The next step - making Cannabinoid-Rich Distillate
The work of our distillation team doesn’t stop there. Many of our products require additional refinement in order to create the formulations that our customers know and love. So while some of that full spectrum hemp extract is ready to be shipped to Portland to be mixed into finished products — some of it stays in Seattle for additional refinement.
This additional distillation fractionates out cannabinoids, effectively removing both the volatile plant compounds (i.e. terpenes) that give the oil its characteristic fragrance, as well as the non-volatile components that give it the characteristic dark, molassy color. Through this process we can produce a more consistent cannabinoid-rich oil for certain products — like our topicals.
There are many variables from harvest lot to harvest lot, and that variation affects how things are processed downstream. In order to ensure consistency in the output, our team must fine-tune parameters to account for this.

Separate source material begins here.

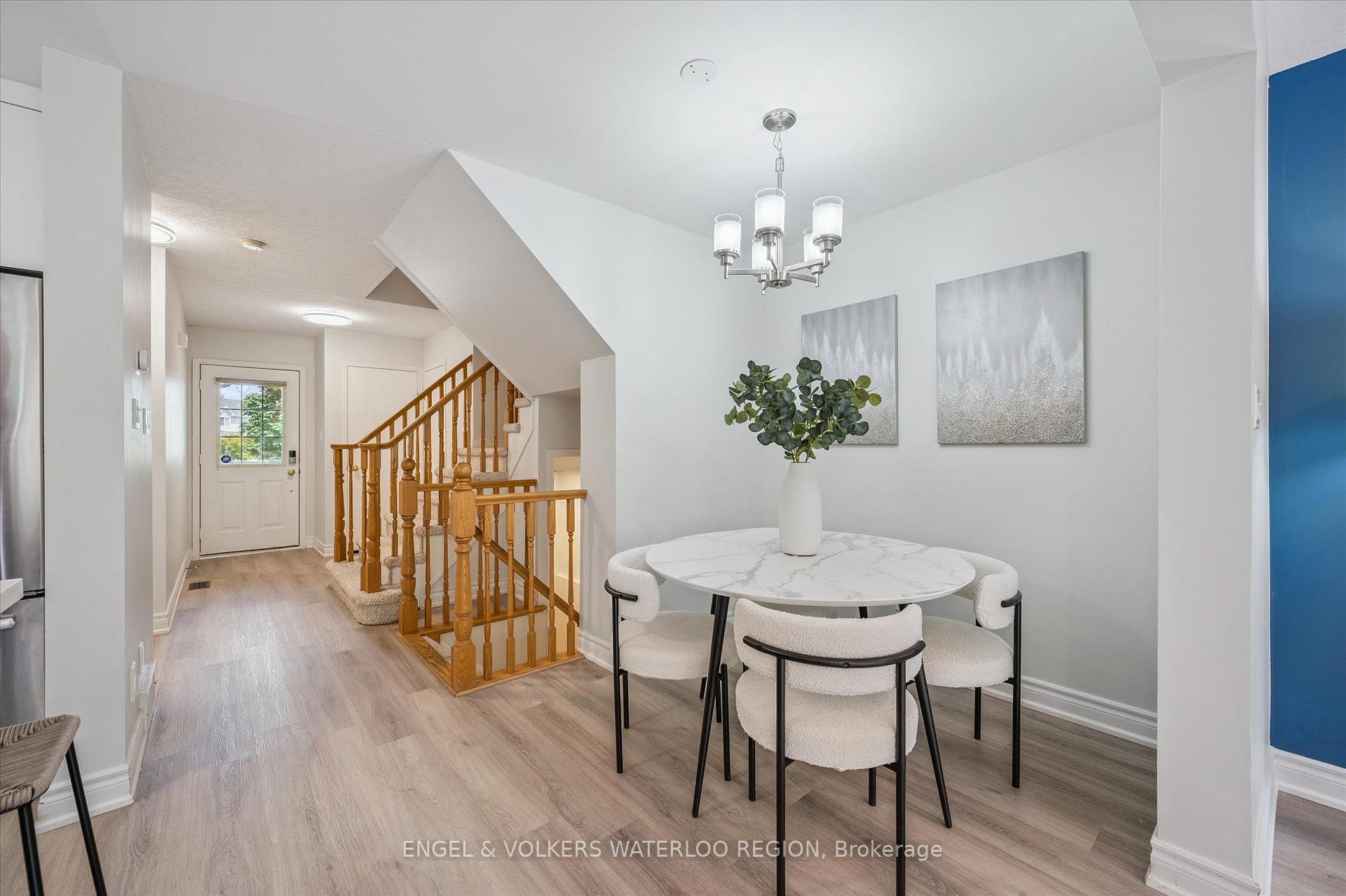 Photo 8 of 443 Laurel Gate Drive, Waterloo — HOMEH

The product will have far less terpene content than our full spectrum hemp extract but is still full spectrum and rich in cannabinoids — including CBD, THC, CBG, CBC — with a golden amber hue.

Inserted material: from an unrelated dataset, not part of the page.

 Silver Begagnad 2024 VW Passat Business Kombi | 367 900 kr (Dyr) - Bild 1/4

Final processing - Purification by Crystallization
The final step of refinement we take for our products is crystallization. Making the fluffy, pure isolate requires dissolving our cannabinoid-rich distillate in a nonpolar solvent. Processing the solution at specific temperatures causes the dominant cannabinoid in the mixture to precipitate. As the target cannabinoid precipitates, these molecules come together to form crystals. Soon the crystallization reactor is filled with a “slurry”, a suspension of cannabinoid crystals in a solution of solvent and impurities. We filter off these crystals and clean them up before removing them from the reactor, after which any remaining solvent is removed in our vacuum drying oven. We then package the isolate in barrels and ship it to Portland for use in our isolate products.
Testing, testing testing
An important step, or series of steps, throughout this complex process of extraction and distillation is internal testing. We take great pride in making sure that our oils are safe, potent, and far-exceed the required safety thresholds of metals or pesticides. Testing is also strategic, it allows us to look at the cannabinoid profiles of our concentrates in order to determine appropriate product matches and gives us a chance to test out small-scale formulations in order to preview the products we intend to make at production-scale. And it enables us to ensure that all the products we make start with the most efficacious, highest quality hemp extracts on the market.